*WHAT TO DO*
Reproduce all the data exactly, without pictures.

*DATA BELOW*
****************

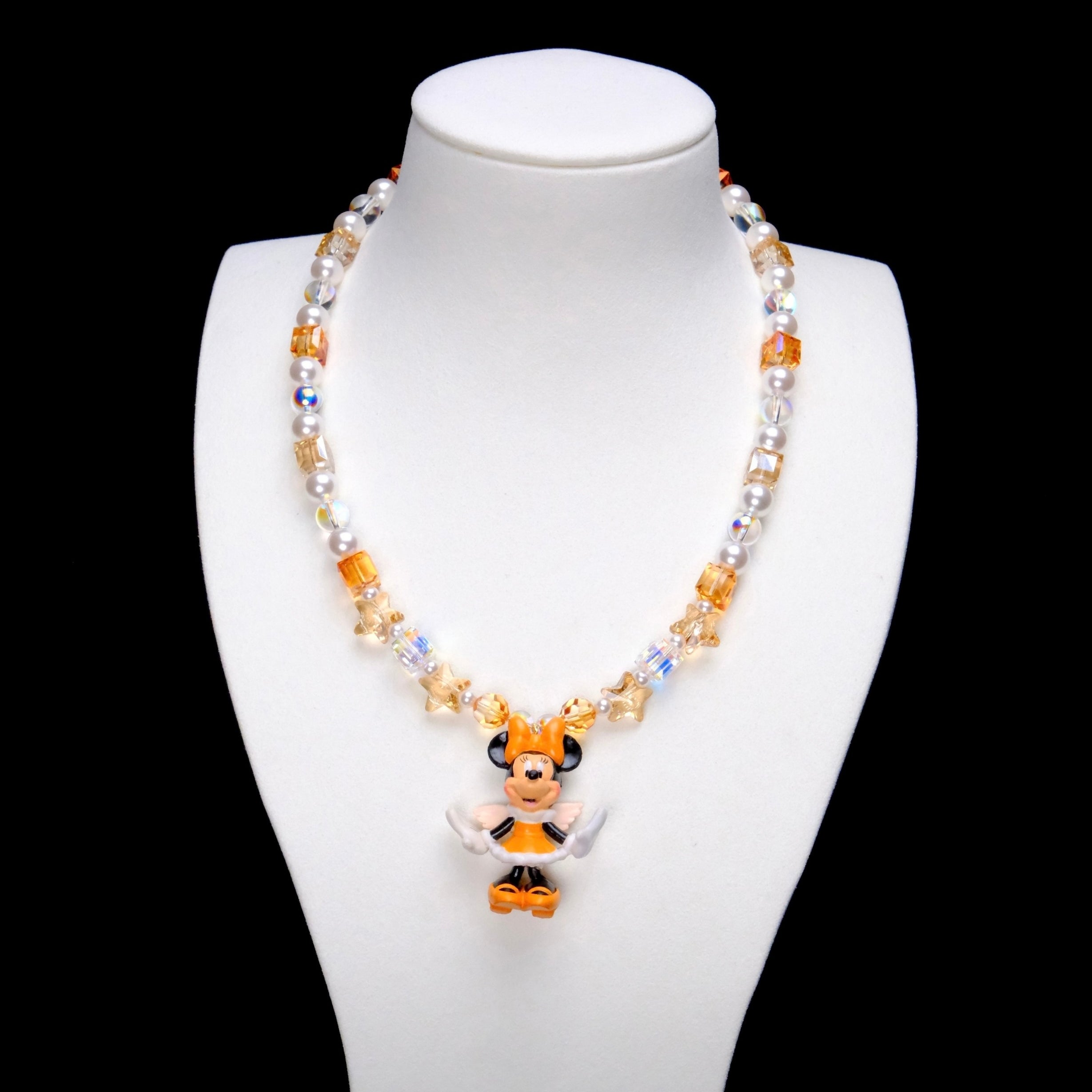 Amber and champagne crystal cubes, golden star accents and white pearl beads frame Minnie Mouse in an orange bow and orange-and-white outfit.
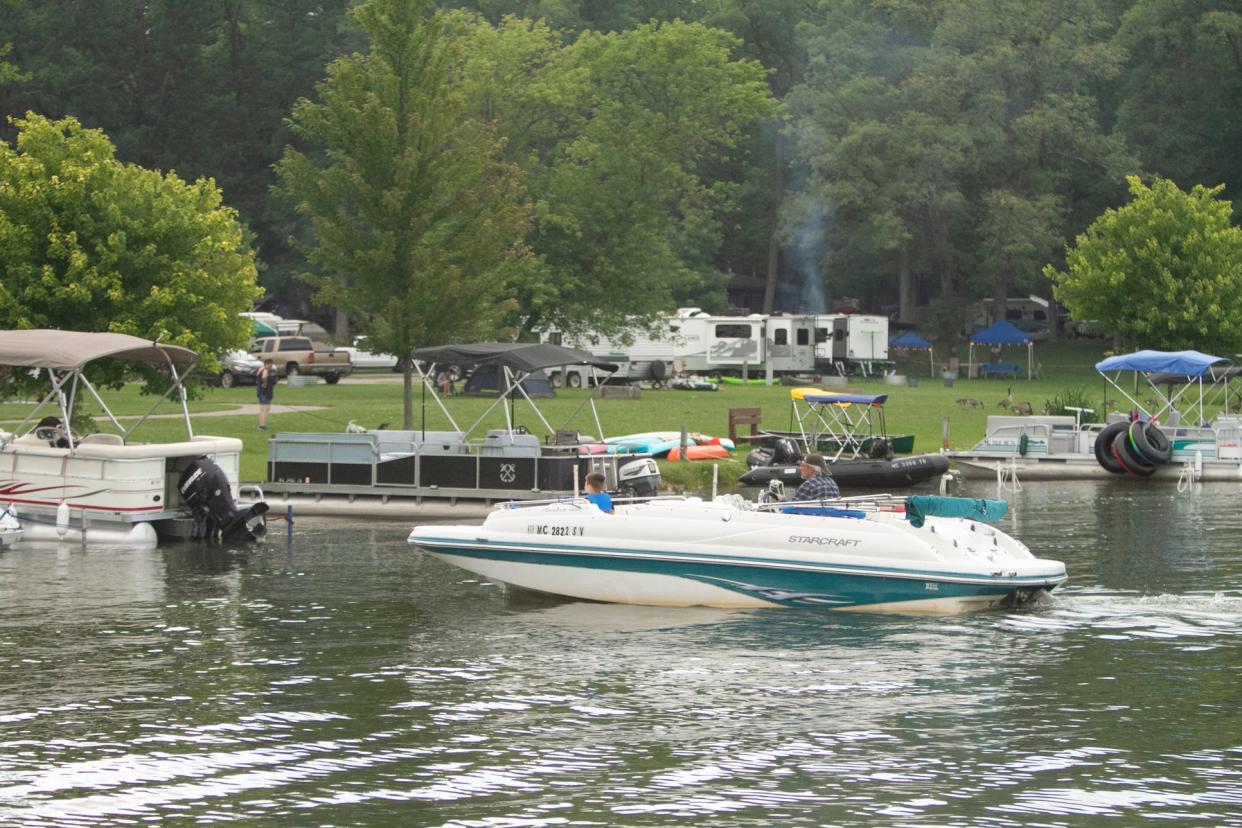 A boater heads toward shore to tie up at the Pinckney State Recreation Area's Bruin Lake modern campground Friday, July 9, 2021.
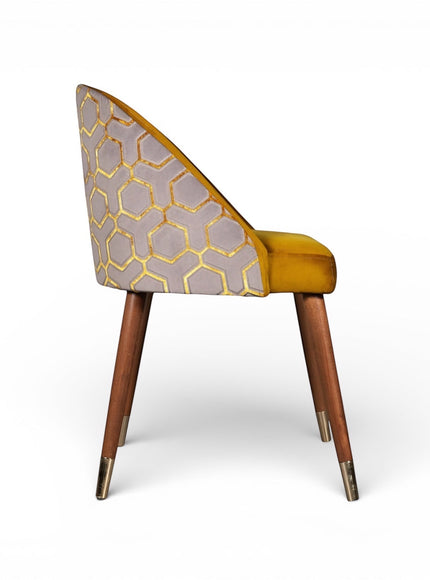 Side view of the Vaya Home Alveare dining chair with yellow seat upholstery, gray geometric patterned outer back, and tapered wood legs.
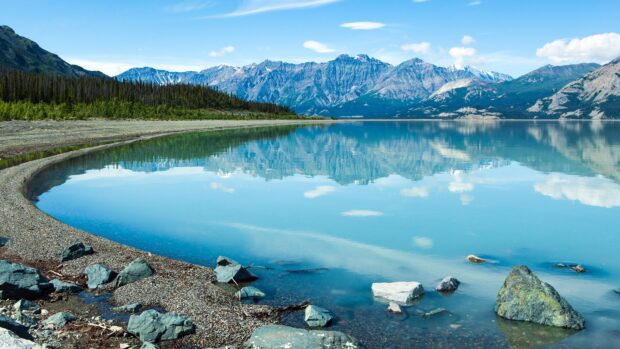 A clear mountain lake reflects surrounding rocky peaks and green forest, 4K Desktop Wallpaper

****************

*RESPONSE AREA*
 Amber and champagne crystal cubes, golden star accents and white pearl beads frame Minnie Mouse in an orange bow and orange-and-white outfit.
 A boater heads toward shore to tie up at the Pinckney State Recreation Area's Bruin Lake modern campground Friday, July 9, 2021.
 Side view of the Vaya Home Alveare dining chair with yellow seat upholstery, gray geometric patterned outer back, and tapered wood legs.
 A clear mountain lake reflects surrounding rocky peaks and green forest, 4K Desktop Wallpaper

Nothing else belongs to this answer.